1. Regularly Deep Clean Your Closet

How often do you clean your custom closets? Maybe you get the itch every spring to go through your wardrobe and donate what no longer fits. The closet is roomier, at least.

Cleaning so little like this will be to your detriment. Insect species like silverfish, beetles, and flying insects will take to an unclean environment like your closet and use it as a breeding ground. You can typically tell this has happened if you see bug droppings and flying bugs each time you enter your closet.

If it’s gotten to that point, then before you do anything else, make sure you get in touch with your exterminator. Then, once your custom closet is cleared of insects, keep it cleaner in the future.

It’s not enough to open the closet, go in there, and do some light dusting. You want to treat your closet to a deep clean every three or four months. That means picking things up off the floor and shelves to see what’s underneath as well as moving clothes to vacuum and dust those inaccessible areas.

It’s a pain to do this, sure, but it’s one of the more reliable means of keeping bugs out of your custom closets.

2. Wash Your Clothes Before Storing Them in the Closet

Washing Machine
The definition of clean clothes is different for lots of people. For example, if you wear a pair of jeans once, some people think that those jeans are still clean if you didn’t sweat much. Others would wash them immediately.

The latter habit is a good one to continue if you want to keep bugs away from your closet. Even if your clothing isn’t sweaty or stinky, after a day of wearing it, it’s still covered in all sorts of bug attractants. From perfume to hair, food stains, and dirt, insects will swarm straight for the dirty clothes.

It’s doubly important to clean leather, wool, and silk garments before adding them back to your custom closet, as clothes moths love to feast on these materials in particular.

What if you have clothes that you’re holding onto but you don’t regularly wear? These can accumulate dust the longer they sit in your closet, so please don’t neglect this part of your wardrobe. Either wash these rarely-the worn clothes yourself or head to your dry cleaner and let them do it.

3. Ask Your Dry Cleaner to Pass on the Starch

If you do visit the dry cleaner often, please request that they don’t treat your clothes with starch going forward. 

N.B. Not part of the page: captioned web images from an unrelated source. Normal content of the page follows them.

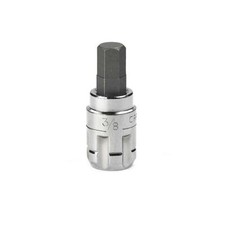 Craftsman 3/8 Max Axess Hex Bit Socket, 3/8-I...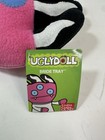 Uglydolls Bride Tray Gund Plush Toy Ugly Doll Stuffed Pink Babo 12  Lot Of 2 New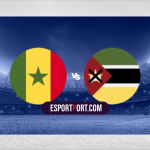 Senegal vs Mozambique Preview: Vieira Debut | EsportPort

This can be tough to do, as starch is beneficial in a lot of ways. Starching your dry-cleaned clothes creates a seal around each fiber. This can prolong the lifespan of your clothes, allowing you to go upwards of three wears before going back to your dry cleaner.

You’ll also find that your garments don’t have as many wrinkles when they’re starched. If you do have to grab the ironing board, you don’t struggle to iron your clothes nearly as much as you do when ironing clothing without starch.

Long-term though, starch can pose several problems. It may cause clothing fibers to fray and break if the starch residues get deep into the threads. Starch can irritate your skin, leaving you itchy and red. Most importantly, insects love to feast on clothing starch.

Each time you go to the dry cleaner’s and they add starch to your clothing, you’re giving the bugs in your home a free meal. Unless a garment absolutely needs it, get into the habit of requesting that your dry cleaner skip the starch.

4. Use a Closet Insect Repellant

You’ve started cleaning your custom closets more often. You now ensure nothing that enters the closets is dirty, and you don’t get your garments starched at the dry cleaner anymore. Still, you’re having a bug problem you can’t quite overcome.

An appointment with your exterminator may be necessary, but before that, you can try a closet insect repellant.

Mothballs, which include deodorant and chemical pesticides rolled into one, are a common solution for closets. The pesticide found in mothballs is typically 1,4-dichlorobenzene, sometimes also called PBD, CBD, p-dichlorobenzene, or para-dichlorobenzene.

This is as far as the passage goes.